**EXERCISE GOAL:**
With the pictures left out, write out exactly the lines of the listing below that run from the line with "Sam Ellefson stand" through the line with "man with an eye injury".

**SUPPLIED RECORDS:**
----------

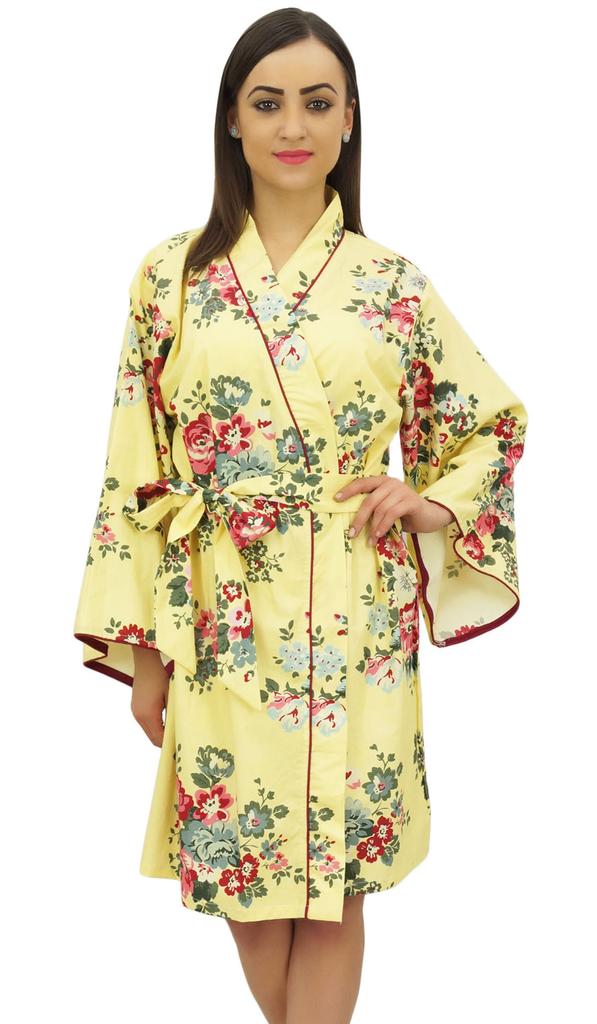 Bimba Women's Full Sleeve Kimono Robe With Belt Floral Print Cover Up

----------

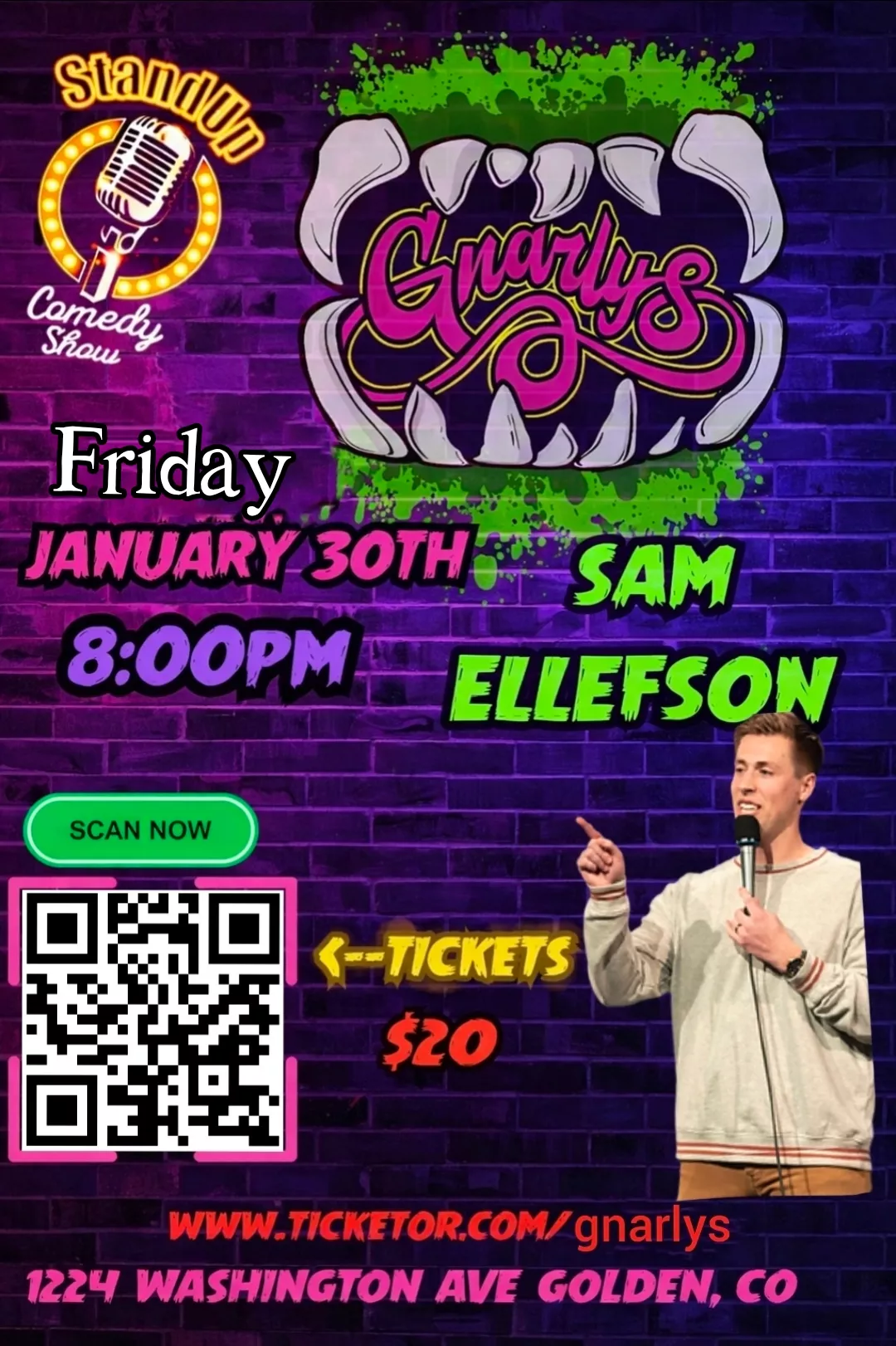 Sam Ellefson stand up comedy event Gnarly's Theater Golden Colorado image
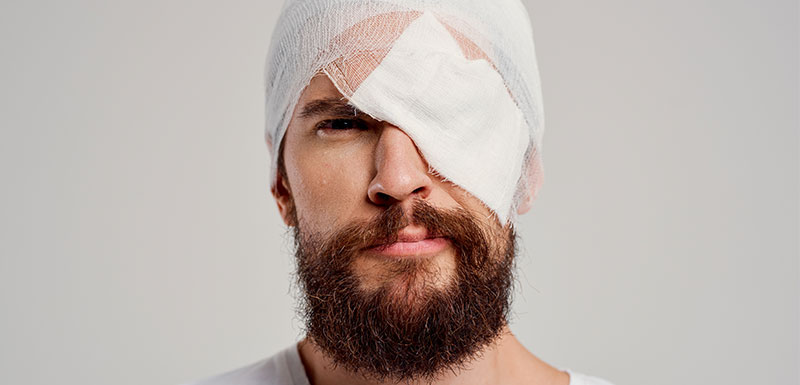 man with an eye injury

----------

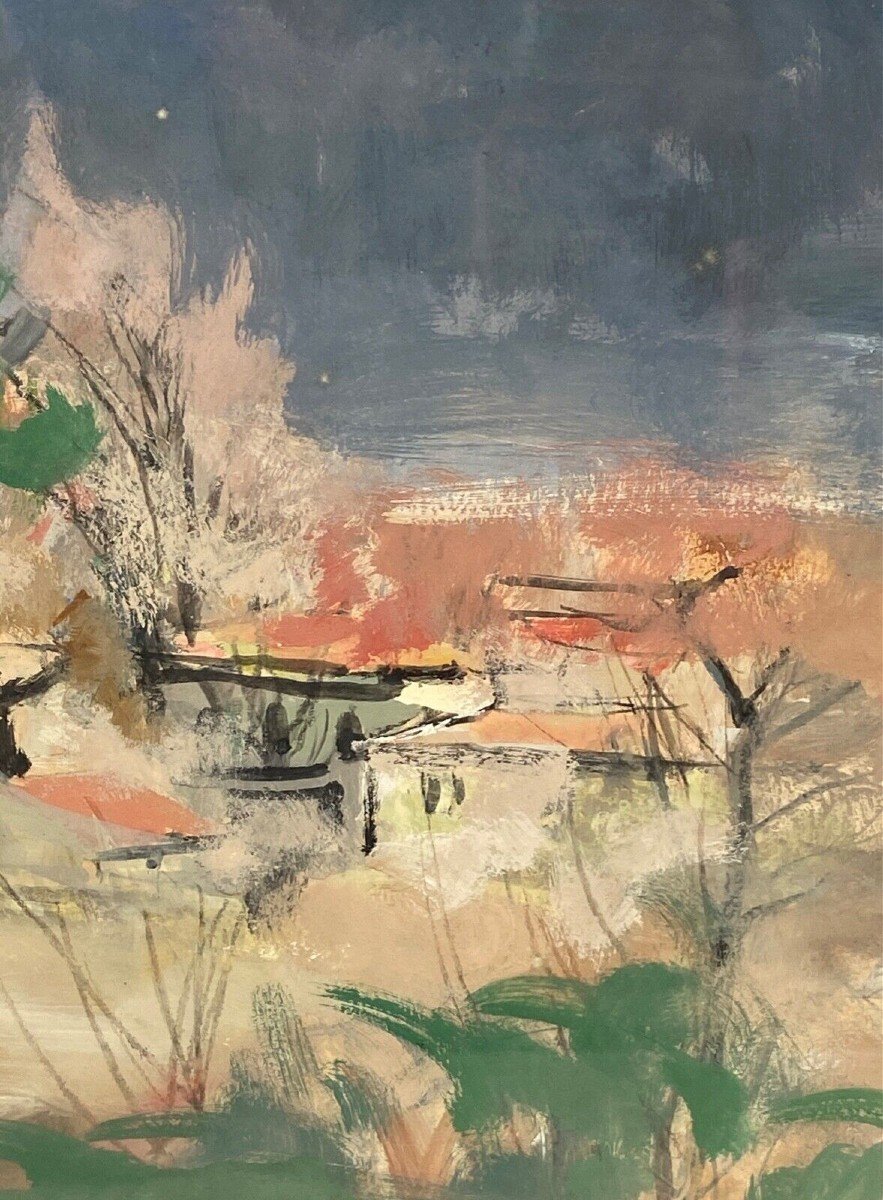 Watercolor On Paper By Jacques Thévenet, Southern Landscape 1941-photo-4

----------

**SOLUTION TO THIS PROBLEM:**
 Sam Ellefson stand up comedy event Gnarly's Theater Golden Colorado image
 man with an eye injury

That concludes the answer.